Russell 2000 Index, market cap percentiles

Past performance is no guarantee of future results.

These stocks were the worst-performing segment by far among small caps in 2021. This follows a four-year streak when these names outperformed other small caps, which led some investors to wonder whether looking to valuation and profitability to make investment decisions was outmoded.

Panel B

Russell 2000 Index, market cap percentiles

Past performance is no guarantee of future results.

However, looking broadly across decades of returns in global markets, we observe that small cap growth stocks with low profitability tend to underperform over the long run. And for good reason. From a valuation perspective, paying a lot for a company that earns little profit is a good sign of a very low discount rate, and therefore a low expected investor return. Research has shown that when examining stocks by their size, price-to-book, and profitability characteristics, small cap stocks with the lowest profitability and highest relative price have experienced the lowest historical returns.1 By seeking to avoid these stocks, one can improve the expected return of a small cap portfolio. Commenting on the body of research examining these stocks, Professor Robert Novy-Marx said, “The small unprofitable growth portfolios are … way less than the sum of their parts. They just do so badly in the data.”2

Dimensional seeks to avoid these stocks in our portfolios that invest in small caps, such as those shown in Exhibit 4. And while this is not the only way our small cap funds may seek to add long-term value, 2021 adds another year to our long-run track record of delivering small cap solutions that have outperformed both peers and index funds.

Exhibit 4

Surviving and Thriving

One- and 10-year performance, as of December 31, 2021

Funds may have experienced negative performance over the time period. Past performance is no guarantee of future results.
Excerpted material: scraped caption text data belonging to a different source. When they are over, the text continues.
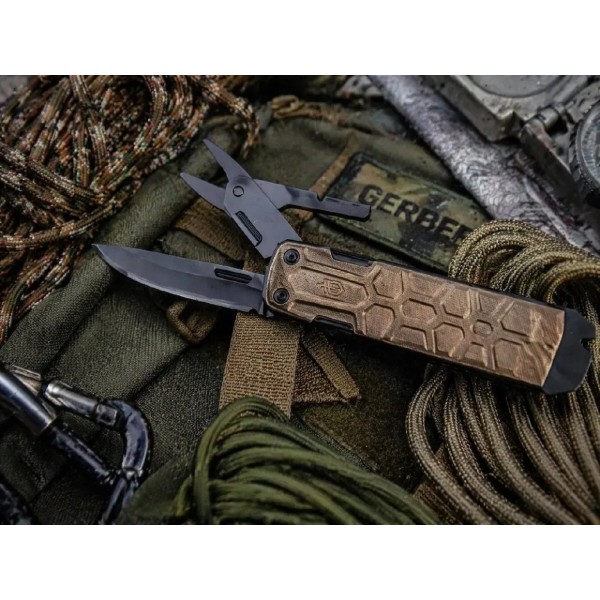 Фото - Набір садових інструментів Gerber Мультитул Lockdown Slim 16L + Ніж складаний Asada (1059836105536)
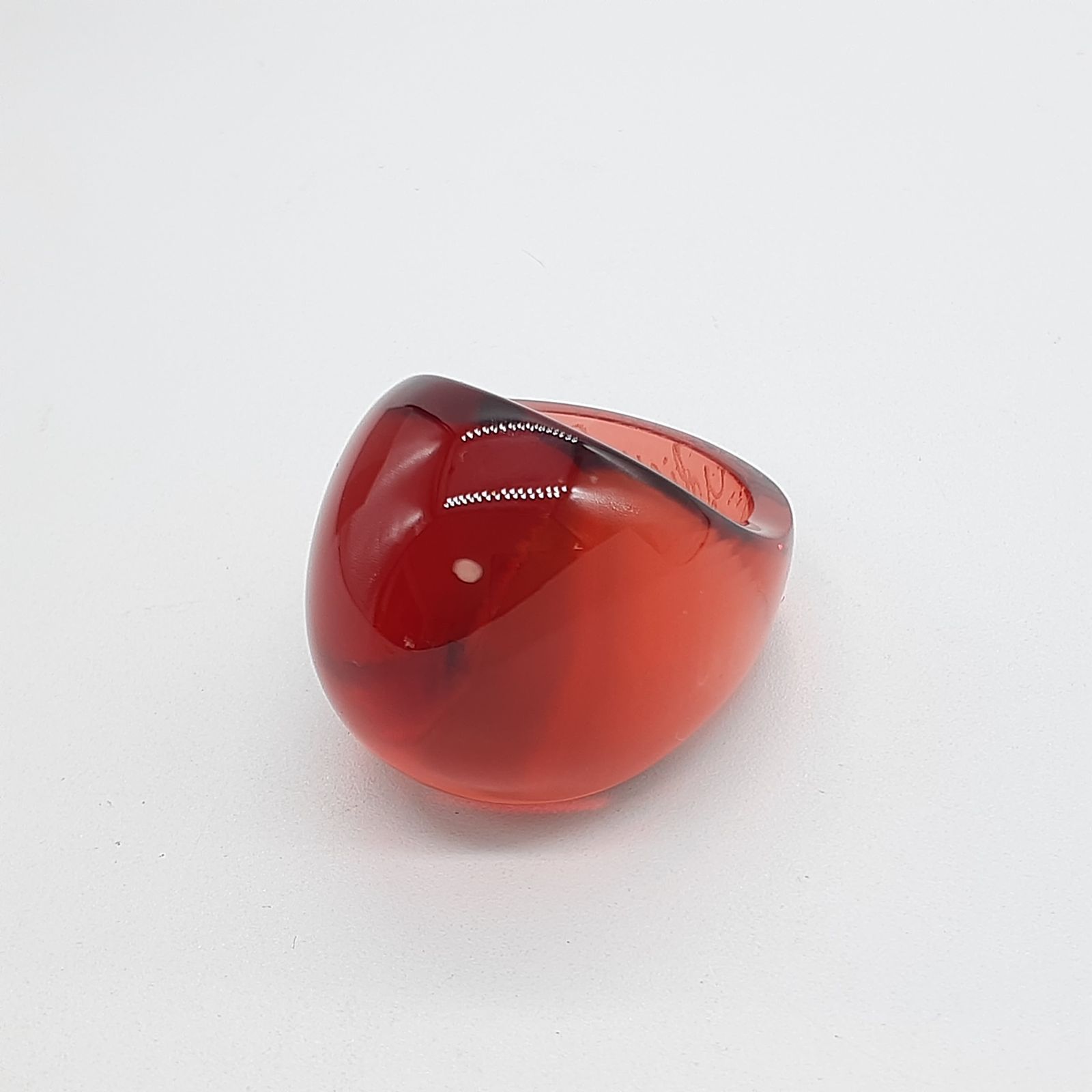 LALIQUE ラリック リング カボションリング ガラス レッドクリスタル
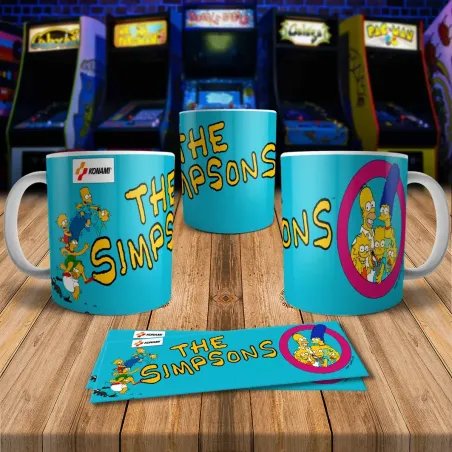 The Simpsons 8Bit Arcade Retro Gaming Mug - Fun & Unique!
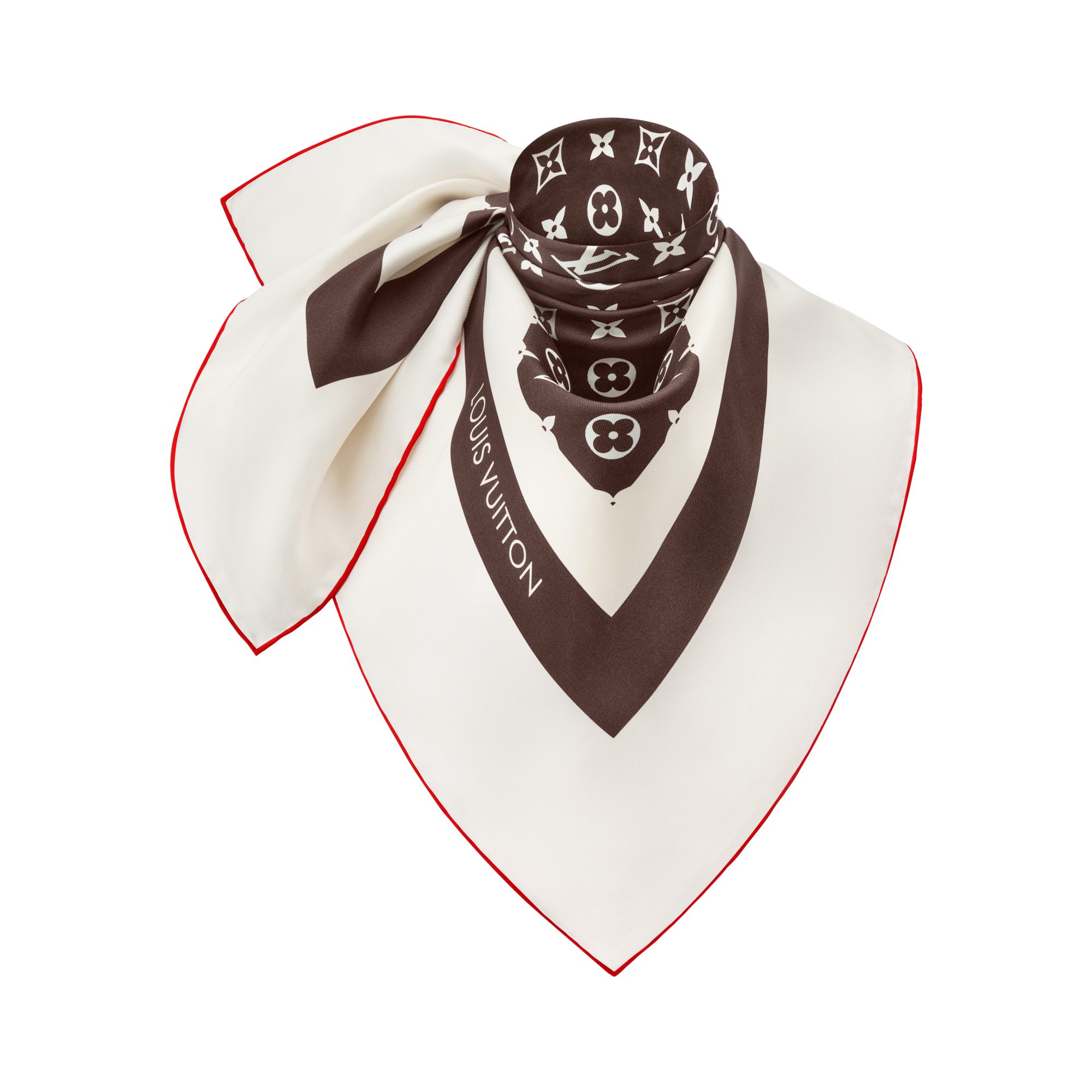 S00 Accessories Silk Squares and Bandeaus  Monogram Silhouette Square 90 | Louis Vuitton ® (Product zoom)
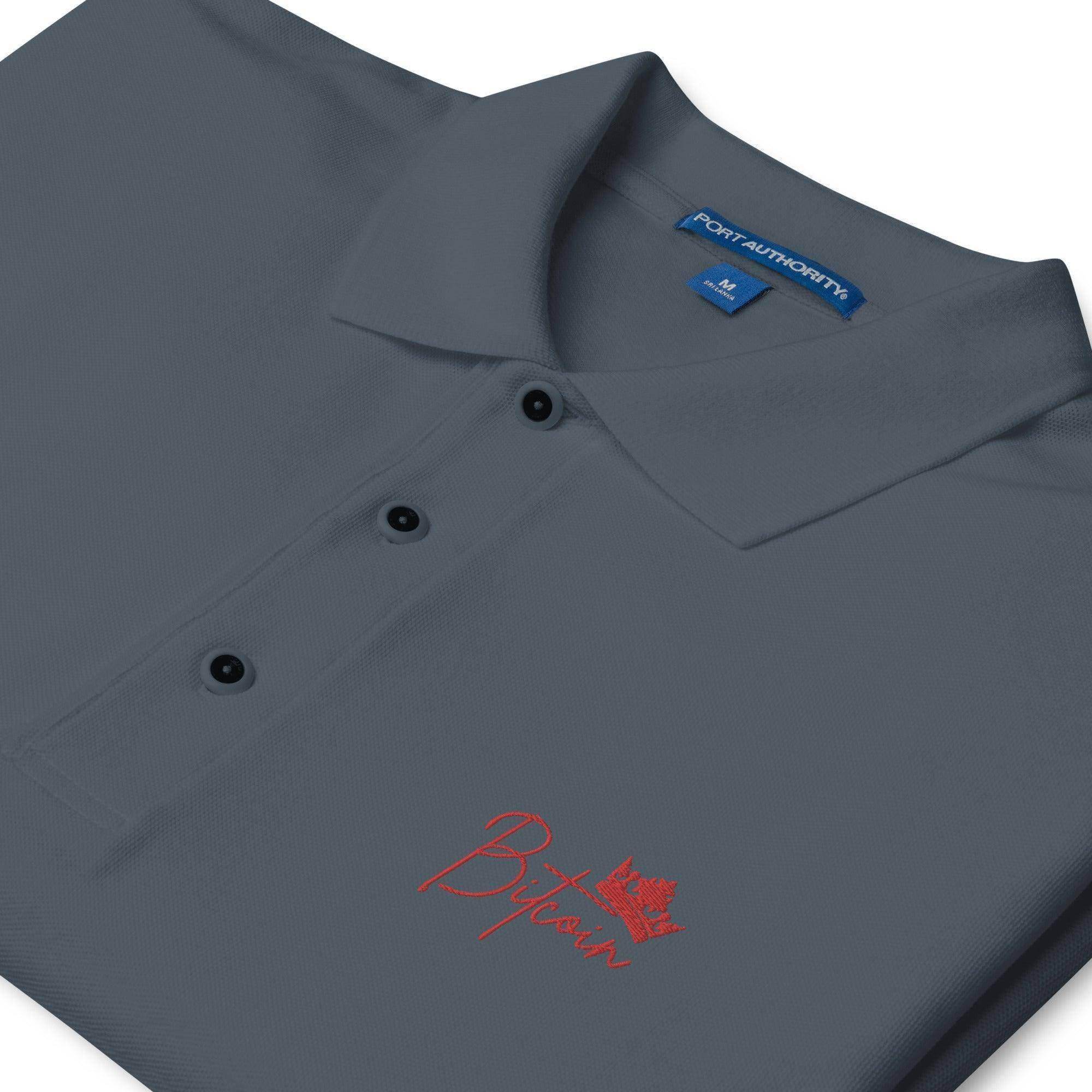 Bitcoin King Polo Shirt - InvestmenTees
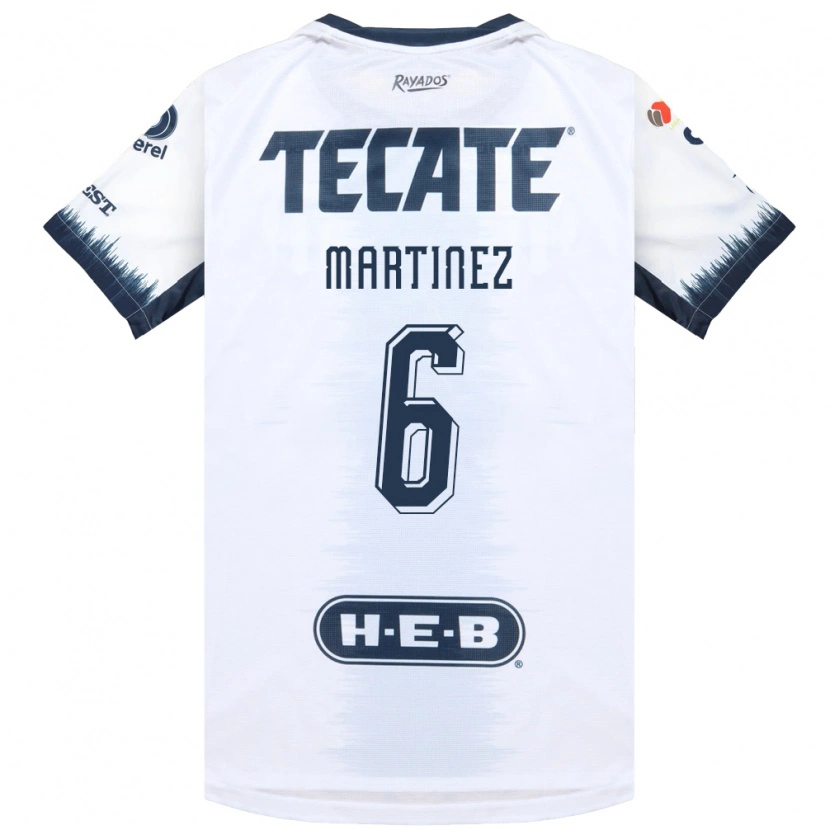 Danxen Kinderen Alejandra Martinez #6 Wit Inktblauw Rood Uitshirt Uittenue 2026/27 T-Shirt België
  1. 1See Eugene F. Fama and Kenneth R. French, “A Five-Factor Asset Pricing Model,” Journal of Financial Economics 116, no.1 (2015): 1-22.

  2. 2“Episode 149: Professor Robert Novy-Marx—The Other Side of Value,” May 13, 2021, in Rational Reminder, podcast.

  3. 3Average Index Fund Placement is provided where index fund(s) with a Morningstar 1 or 10-Year Total Return Absolute Category Rank exist in the category as of the period ending date.


Price-to-book ratio (P/B): The ratio of a firm’s market value to its book value, where market value is computed as price multiplied by shares outstanding and book value is the value of stockholder’s equity as reported on a company’s balance sheet.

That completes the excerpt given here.